BEGIN Extracted data

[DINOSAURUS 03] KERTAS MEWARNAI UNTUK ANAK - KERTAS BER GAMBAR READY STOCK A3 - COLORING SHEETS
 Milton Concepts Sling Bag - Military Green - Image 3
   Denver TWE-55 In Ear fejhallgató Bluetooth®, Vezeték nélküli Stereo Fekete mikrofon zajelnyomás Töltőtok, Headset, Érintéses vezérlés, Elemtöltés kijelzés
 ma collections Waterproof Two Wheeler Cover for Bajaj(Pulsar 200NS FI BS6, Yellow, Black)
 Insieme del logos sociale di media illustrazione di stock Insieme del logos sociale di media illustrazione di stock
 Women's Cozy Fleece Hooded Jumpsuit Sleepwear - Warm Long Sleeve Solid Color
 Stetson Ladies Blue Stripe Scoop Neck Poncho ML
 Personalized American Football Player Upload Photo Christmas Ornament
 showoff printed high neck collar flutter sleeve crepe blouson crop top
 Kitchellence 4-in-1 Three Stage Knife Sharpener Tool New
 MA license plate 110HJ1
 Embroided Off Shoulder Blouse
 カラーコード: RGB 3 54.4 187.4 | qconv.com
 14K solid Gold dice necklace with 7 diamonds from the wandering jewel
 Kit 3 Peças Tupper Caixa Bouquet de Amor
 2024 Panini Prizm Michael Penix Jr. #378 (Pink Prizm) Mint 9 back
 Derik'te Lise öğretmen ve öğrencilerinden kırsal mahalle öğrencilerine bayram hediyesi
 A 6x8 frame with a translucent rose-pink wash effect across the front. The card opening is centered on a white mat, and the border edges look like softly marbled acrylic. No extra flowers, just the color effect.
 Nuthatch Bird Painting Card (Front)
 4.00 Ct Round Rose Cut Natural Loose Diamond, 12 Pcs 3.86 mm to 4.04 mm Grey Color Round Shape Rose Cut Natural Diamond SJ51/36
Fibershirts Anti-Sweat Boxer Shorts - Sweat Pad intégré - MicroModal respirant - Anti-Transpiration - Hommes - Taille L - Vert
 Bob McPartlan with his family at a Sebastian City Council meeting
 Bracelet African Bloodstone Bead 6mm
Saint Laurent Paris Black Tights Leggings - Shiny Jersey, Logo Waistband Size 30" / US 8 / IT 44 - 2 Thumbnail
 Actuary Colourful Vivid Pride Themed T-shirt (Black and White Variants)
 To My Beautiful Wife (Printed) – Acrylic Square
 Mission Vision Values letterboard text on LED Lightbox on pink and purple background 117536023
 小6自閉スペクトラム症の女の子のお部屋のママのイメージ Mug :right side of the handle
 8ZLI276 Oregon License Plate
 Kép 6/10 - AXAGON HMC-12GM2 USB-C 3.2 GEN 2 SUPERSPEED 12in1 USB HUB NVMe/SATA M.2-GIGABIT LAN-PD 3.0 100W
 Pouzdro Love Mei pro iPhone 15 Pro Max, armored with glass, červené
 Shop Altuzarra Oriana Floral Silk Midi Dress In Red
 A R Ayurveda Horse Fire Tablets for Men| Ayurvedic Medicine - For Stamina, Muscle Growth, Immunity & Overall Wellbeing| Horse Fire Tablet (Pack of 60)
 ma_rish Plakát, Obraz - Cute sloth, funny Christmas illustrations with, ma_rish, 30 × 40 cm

END Extracted data

Problem description: Copy, please, exactly the lines that start at the first line of the data and end at the line containing "Derik'te Lise öğretmen", both kept and no others.

Written answer:
[DINOSAURUS 03] KERTAS MEWARNAI UNTUK ANAK - KERTAS BER GAMBAR READY STOCK A3 - COLORING SHEETS
 Milton Concepts Sling Bag - Military Green - Image 3
   Denver TWE-55 In Ear fejhallgató Bluetooth®, Vezeték nélküli Stereo Fekete mikrofon zajelnyomás Töltőtok, Headset, Érintéses vezérlés, Elemtöltés kijelzés
 ma collections Waterproof Two Wheeler Cover for Bajaj(Pulsar 200NS FI BS6, Yellow, Black)
 Insieme del logos sociale di media illustrazione di stock Insieme del logos sociale di media illustrazione di stock
 Women's Cozy Fleece Hooded Jumpsuit Sleepwear - Warm Long Sleeve Solid Color
 Stetson Ladies Blue Stripe Scoop Neck Poncho ML
 Personalized American Football Player Upload Photo Christmas Ornament
 showoff printed high neck collar flutter sleeve crepe blouson crop top
 Kitchellence 4-in-1 Three Stage Knife Sharpener Tool New
 MA license plate 110HJ1
 Embroided Off Shoulder Blouse
 カラーコード: RGB 3 54.4 187.4 | qconv.com
 14K solid Gold dice necklace with 7 diamonds from the wandering jewel
 Kit 3 Peças Tupper Caixa Bouquet de Amor
 2024 Panini Prizm Michael Penix Jr. #378 (Pink Prizm) Mint 9 back
 Derik'te Lise öğretmen ve öğrencilerinden kırsal mahalle öğrencilerine bayram hediyesi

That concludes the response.